Fero commented on Make a distinction: Errors vs. Alerts

Fri, 18 Nov 2011 09:29:43 GMT

I'm have been using Elmah error module for a long time and, it works really well but only on Asp.Net and Asp.Net Mvc. So then developed extension for Elmah and it can be used with any project Silverlight, Console, WPF, WCF. Here is source https://github.com/vincoss/vinco-logging-toolkit. Later update will call Elmah.Everywhere

Scooletz commented on Make a distinction: Errors vs. Alerts

Fri, 18 Nov 2011 07:00:57 GMT

@Will, @Alwin yes it would be nice, whether using IObservable or other way to describe the requirement of an alert, but what about scaling such solution? What if error occurs on different machines - are logged to different log files/dbs whatever? @Ayende, where do store such information? How do you want to filter the stream of events from multiple servers?

Alwin commented on Make a distinction: Errors vs. Alerts

Fri, 18 Nov 2011 02:01:02 GMT

Will, couldn't you do something like that with Reactive Framework (Rx)? You know, with Throttle and such...

Will Gant commented on Make a distinction: Errors vs. Alerts

Thu, 17 Nov 2011 22:17:49 GMT

There should also be a SqlException inside angle brackets < > to the right of the For (it's intended to be a generic method). It might have gotten interpreted as HTML.

Will Gant commented on Make a distinction: Errors vs. Alerts

Thu, 17 Nov 2011 22:15:56 GMT

There should only be one period after the For(). Ayende's site handled the code just fine, but it figures I'd make at least one syntax error.

Will Gant commented on Make a distinction: Errors vs. Alerts

Thu, 17 Nov 2011 22:12:04 GMT

It would be nice if there was a package that let you fluently configure a policy for how your app handles errors based on type and contents. I'd love to be able to do something like: For(). .InTimeSpan().Minutes(5) .Occurs(10) .CompareBy(CompareBy.StackTrace | CompareBy.Host) .Where(ex=> e.Message.Contains("Timeout")) .Act(ex=>{SendPanicMessage(ex);}); That way, I could filter errors by type, contents, how close together they are, etc, and tell it what to do with them. I have no idea off the top of my head how one might implement this and make it perform well (especially across multiple machines), but something like this would be awful handy. The intent of the above is to send a panic message when 10 or more SqlExceptions with the word "Timeout" in their message occur in a five minute timespan, from the same device with the same stacktrace. (This is just a first brush - someone that is actually skilled at making fluent interfaces could make this a good deal cleaner and more expressive). I think you'd almost have to chuck the exceptions off into a message queue or something though - you wouldn't want the logic to check all this stuff to be running inside your app. It would also probably need to be pushed to a central location to handle the load-balancing scenario. Further, if you were to chuck this into a database somewhere, you could report on the frequency of the errors. That might be handy for building a triage list for a development roadmap before the clients get involved. I also hope that the code doesn't get turned into (worse) indecipherable gibberish in the act of posting it.

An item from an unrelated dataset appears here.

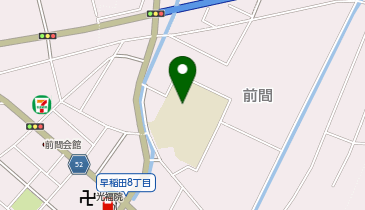 前間小学校の地図画像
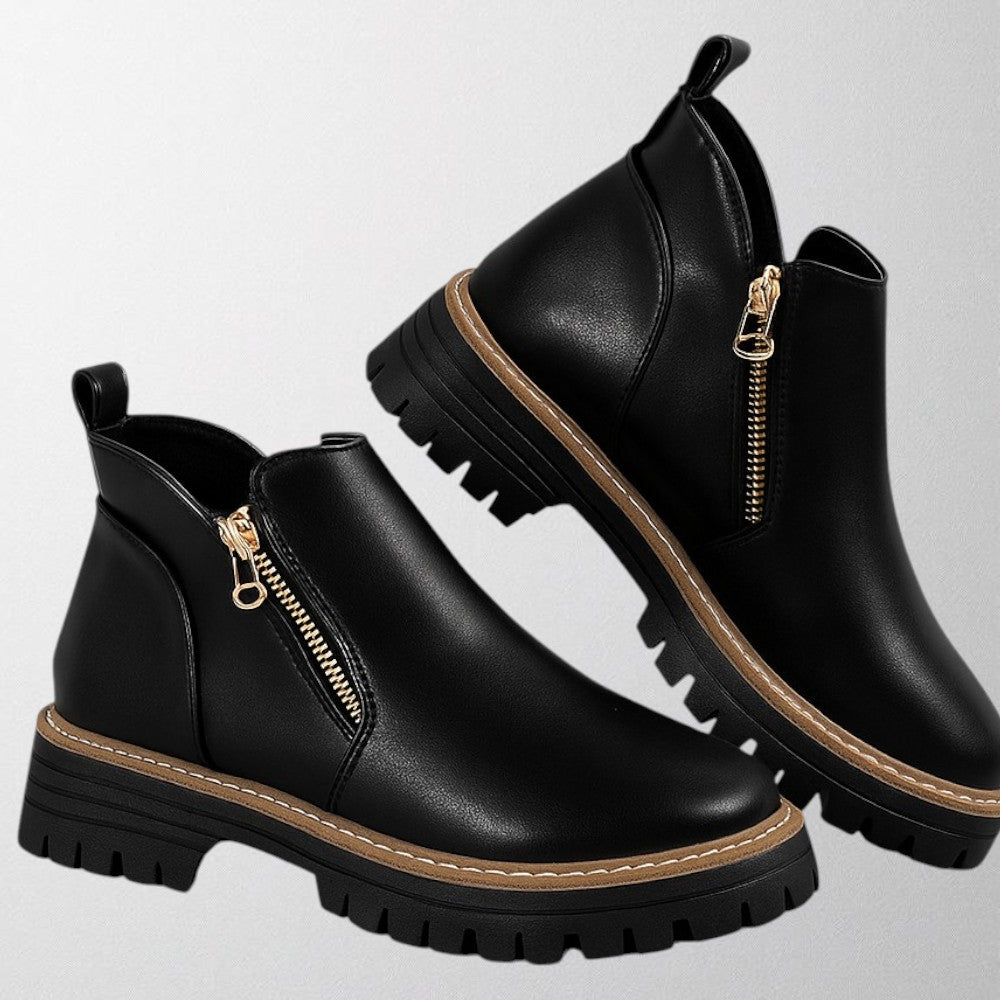 Women's Ankle Boots Platform Zip Design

Chris Wright commented on Make a distinction: Errors vs. Alerts

Thu, 17 Nov 2011 21:43:44 GMT

@Simon You can use those strategies for some things. But consider this pattern of behavior: you're talking to a service and it usually responds in 50ms, with 99.9% of calls finishing in 250ms. But now 50% of its calls are over 2 seconds. If you have an alarm for a single call taking 2 seconds, you'll probably get pinged every ten or fifteen thousand calls. This isn't actionable, or even a problem. You want alarming on aggregate behavior, not individual requests. Now you're adding a fair bit of complexity around this call. For extra credit, what if you have half a dozen machines running behind a load balancer and want to alert based on the aggregate logs?

Phil commented on Make a distinction: Errors vs. Alerts

Thu, 17 Nov 2011 17:54:51 GMT

@Will Gant I really like log4net. It's open source (not from Microsoft) and has different logging levels, which can be changed at run time. As a plus it only requires a single assembly reference.

Will Gant commented on Make a distinction: Errors vs. Alerts

Thu, 17 Nov 2011 17:29:57 GMT

I was kind of hoping there was a non-microsoft open source package that handles that well. My experience with the Enterprise Library has been that it just requires so much configuration and tinkering to get working that it isn't worth the effort. I'll admit that this impression is probably a bit dated though - they may have improved since the last time I worked with their stuff.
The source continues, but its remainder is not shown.